MOOCs have been the lightning rod that draws attention to a whole range of inter-related issues about online learning and about open education. They have become a kind of shorthand for all sorts of complicated “ingewikkeld” educational matters. So this is why I think that educators, researchers and universities in developing countries, and in the less well resourced parts of developed countries, should be thinking about and planning and conceptualising MOOCs.

  • Because engaging with MOOCs gives us an entry to talking about online learning and about learning and about course and curriculum design with people with whom we have not had those conversations before. And many of us who have been working in the trenches know a lot about these teaching and learning issues.
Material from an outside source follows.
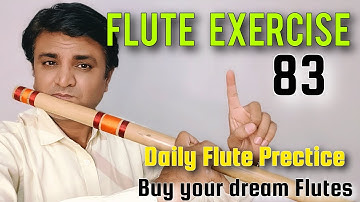 Flute Exercise 83🔥 | Bansuri Class | Flute Tutorial | Easy Flute Lessons | Nil Flutes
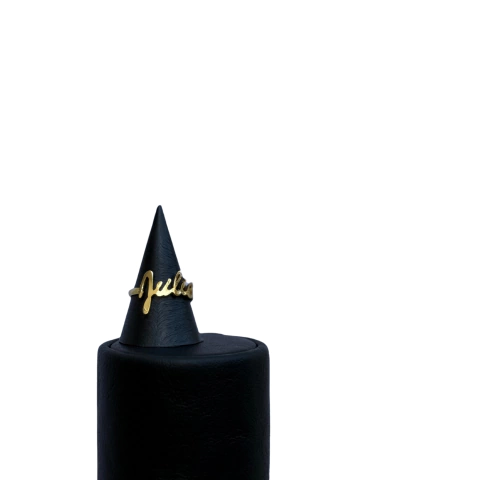 Anillo nombre calado - comprar online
  • Because we consider MOOCs as one possibility in a whole basket of emergent online possibilities: in addition to traditional formal online courses, there are open boundary courses, wrapped MOOCs, SPOCs and who knows what else will come into being as we try things out.
  • Because we do want access to all that interesting new stuff that is being made available freely online for those of us with the capacity to access it. It’s great being exposed to so much stimulating material so easily. And preferably we would like it licensed in ways that would allow us to adapt for local use.
  • Because we are fed up the global north’s domination of online content and fear that MOOCs will only make that worse. So we want to get our own resources online.
  • Because we know that there are numerous topics – from archaeology to health to literature – of general international and niche interest that we are in the best position to teach and make widely available. (And it depresses us that the first MOOC on African cities is being offered by a French institution.)
  • Because we think we are as creative and imaginative as anyone else in the world, and have exciting ideas to offer.
  • Because we take that third university pillar of social engagement and community service really seriously. The development mission is a genuine imperative for many of us; MOOCs and other forms of online learning and open learning can serve that commitment very well.
  • Because we are excited about the pedagogical possibilities and look forward to experimenting in local conditions.
  • Because engaging in the non formal and non traditional space can be liberating and exciting, even as we are mindful that online experimentation of this kind is exposed and transparent.
  • Because being a late adopter means we get to benefit from some real and robust research, not just the hype of the early days.

We take the innovation aspect of our mandate very seriously and are delighted that our university, UCT, has committed support- both practical and symbolic – for the development of MOOCs.